(Stored records)
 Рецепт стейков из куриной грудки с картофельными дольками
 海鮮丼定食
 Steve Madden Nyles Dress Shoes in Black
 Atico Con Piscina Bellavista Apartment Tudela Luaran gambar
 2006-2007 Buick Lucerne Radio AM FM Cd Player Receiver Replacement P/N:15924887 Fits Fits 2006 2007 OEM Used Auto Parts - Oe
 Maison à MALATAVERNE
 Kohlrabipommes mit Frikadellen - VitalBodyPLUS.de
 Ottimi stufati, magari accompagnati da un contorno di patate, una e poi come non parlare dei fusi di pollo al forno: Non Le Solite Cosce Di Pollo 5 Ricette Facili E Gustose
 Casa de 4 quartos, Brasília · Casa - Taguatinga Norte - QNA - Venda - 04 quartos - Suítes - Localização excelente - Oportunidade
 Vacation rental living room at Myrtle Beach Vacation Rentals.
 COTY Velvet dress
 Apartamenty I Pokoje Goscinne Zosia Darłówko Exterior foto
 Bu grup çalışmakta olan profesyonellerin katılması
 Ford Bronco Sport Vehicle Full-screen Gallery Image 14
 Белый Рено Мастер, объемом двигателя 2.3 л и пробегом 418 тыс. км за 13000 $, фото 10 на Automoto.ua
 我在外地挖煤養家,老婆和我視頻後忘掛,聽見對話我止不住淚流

Task description: Exact reproduction of every entry is needed.

Response:
 Рецепт стейков из куриной грудки с картофельными дольками
 海鮮丼定食
 Steve Madden Nyles Dress Shoes in Black
 Atico Con Piscina Bellavista Apartment Tudela Luaran gambar
 2006-2007 Buick Lucerne Radio AM FM Cd Player Receiver Replacement P/N:15924887 Fits Fits 2006 2007 OEM Used Auto Parts - Oe
 Maison à MALATAVERNE
 Kohlrabipommes mit Frikadellen - VitalBodyPLUS.de
 Ottimi stufati, magari accompagnati da un contorno di patate, una e poi come non parlare dei fusi di pollo al forno: Non Le Solite Cosce Di Pollo 5 Ricette Facili E Gustose
 Casa de 4 quartos, Brasília · Casa - Taguatinga Norte - QNA - Venda - 04 quartos - Suítes - Localização excelente - Oportunidade
 Vacation rental living room at Myrtle Beach Vacation Rentals.
 COTY Velvet dress
 Apartamenty I Pokoje Goscinne Zosia Darłówko Exterior foto
 Bu grup çalışmakta olan profesyonellerin katılması
 Ford Bronco Sport Vehicle Full-screen Gallery Image 14
 Белый Рено Мастер, объемом двигателя 2.3 л и пробегом 418 тыс. км за 13000 $, фото 10 на Automoto.ua
 我在外地挖煤養家,老婆和我視頻後忘掛,聽見對話我止不住淚流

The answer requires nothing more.